I nodded, unable to admit that some of my dreams were not so innocent.

“Vivienne’s family committed her because she had been randomly seducing men, causing them no end of shame, and eventually she had a child out of wedlock. To exonerate herself, she insisted that the father was a supernatural being.”

“You must admit, she spins a good yarn,” I said.

“The typical hysteric develops elaborate, far-fetched romantic histories for herself. Vivienne is not even her real name. Her name is Winifred,” he said. He opened a tall cabinet, lifting a file and glancing at it. “Winifred Collins. Born 1818.” He showed me the name and date before returning the file to the cabinet. “She identifies herself with Vivienne, the mythical sorceress who enchanted the sorcerer Merlin.” Seward smiled wistfully. “A tale to interest a boy once enthralled by Arthurian legend but not much for a head doctor to go on.”

“Poor old dear,” I said.

“Vivienne is fortunate. Her family set up a trust for her care. Many girls like her are thrown out with their babies and have to earn a living on the streets.”

“I am sorry to have disturbed a patient,” I said. “That was not my intent.”

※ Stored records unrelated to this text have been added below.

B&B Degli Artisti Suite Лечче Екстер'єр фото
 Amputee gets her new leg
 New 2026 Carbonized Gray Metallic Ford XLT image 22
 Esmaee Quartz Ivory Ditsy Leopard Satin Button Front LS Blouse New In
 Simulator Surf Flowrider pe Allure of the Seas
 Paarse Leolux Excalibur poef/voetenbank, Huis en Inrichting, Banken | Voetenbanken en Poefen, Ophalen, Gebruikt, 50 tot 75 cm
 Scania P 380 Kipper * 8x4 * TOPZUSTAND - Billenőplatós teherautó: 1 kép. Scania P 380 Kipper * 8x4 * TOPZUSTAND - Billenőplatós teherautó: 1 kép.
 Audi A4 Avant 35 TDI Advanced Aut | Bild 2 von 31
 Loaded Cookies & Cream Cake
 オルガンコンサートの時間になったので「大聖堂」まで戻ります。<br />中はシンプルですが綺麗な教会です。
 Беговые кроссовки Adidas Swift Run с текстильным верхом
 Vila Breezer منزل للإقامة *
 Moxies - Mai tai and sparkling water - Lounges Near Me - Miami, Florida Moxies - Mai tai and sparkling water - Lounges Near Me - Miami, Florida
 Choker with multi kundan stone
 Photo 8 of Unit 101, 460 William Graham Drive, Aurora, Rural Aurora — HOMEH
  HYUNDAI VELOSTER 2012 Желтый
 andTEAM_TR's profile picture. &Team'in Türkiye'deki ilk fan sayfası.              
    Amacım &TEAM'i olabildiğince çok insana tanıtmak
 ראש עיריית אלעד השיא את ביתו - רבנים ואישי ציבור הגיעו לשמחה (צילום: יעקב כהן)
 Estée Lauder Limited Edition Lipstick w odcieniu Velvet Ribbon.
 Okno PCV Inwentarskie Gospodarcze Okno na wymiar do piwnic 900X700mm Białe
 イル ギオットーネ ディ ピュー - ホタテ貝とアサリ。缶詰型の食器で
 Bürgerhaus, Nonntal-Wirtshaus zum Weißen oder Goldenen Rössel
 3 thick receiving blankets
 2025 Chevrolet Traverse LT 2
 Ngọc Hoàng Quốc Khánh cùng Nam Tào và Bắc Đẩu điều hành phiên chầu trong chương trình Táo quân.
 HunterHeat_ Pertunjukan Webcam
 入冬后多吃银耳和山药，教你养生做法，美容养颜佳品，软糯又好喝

“It was not your fault. The nymphomaniac loves to give vent to passion. I once saw a girl let rats eat her fingers, thinking that her lover was covering them with kisses. Some girls hurt themselves, lacerating their bodies and claiming they don’t feel a thing. It’s a sort of penance for what they have done.”

“Penance?”

“Why, yes, they feel tremendous guilt over their promiscuity. Not all women are as noble and as good as you, Mina.”

Crimson color spread across his cheeks. His eyes softened and his brisk professionalism disappeared, wiped away by something else, something tender. I knew that in that moment of vulnerability, I could extract the information I sought.

“John.” I said his name softly, as if it were itself a question that must be answered. “We must talk about Lucy.”

For what seemed an interminable amount of time, Seward said nothing, but studied my face. Though I remembered Kate’s advice, I still felt compelled to explain myself. “I received a letter from her, written after I had left Whitby. She was excited about her engagement. Not six weeks later she was dead.”

He sat in his chair and cupped his forehead in his hands, shaking his head back and forth as if the memory anguished him. This time, I let silence reign. Finally, he spoke. “There is no polite way to phrase it. Lucy suffered from erotomania-her obsession with Morris Quince. Quince’s rejection drove her to hysteria, after which she could not be convinced of Arthur’s love for her. Once she got it into her head that he had married her for her fortune, she had a complete breakdown. At the very the end, she was not so different from poor Vivienne.”

“It’s hard to believe that of our Lucy,” I said. Yet I had seen the tendencies when I was in Whitby. Loving Morris Quince had made her seem mad and act as a madwoman acts; I had told her so myself.

“Lucy had all the causes that make females prone to hysteria: preoccupation with romance, high spirits, irregular menstruation, a delicate mother. She was also capricious and had abnormally strong sexual desires.” He gestured toward his bookcases. “The symptoms are well documented.”

“But hysteria is surely not fatal,” I said. “Vivienne must be upward of seventy years of age.”

“Lucy starved herself to death,” he said. “Believe me, we tried every treatment. We tried to feed her through the tubes, but she regurgitated. We tried the water cure, which generally settles even the most extreme hysteric, but it only made Lucy worse. When she was on the brink of death, Dr. Von Helsinger even tried to give her blood transfusions to strengthen her.”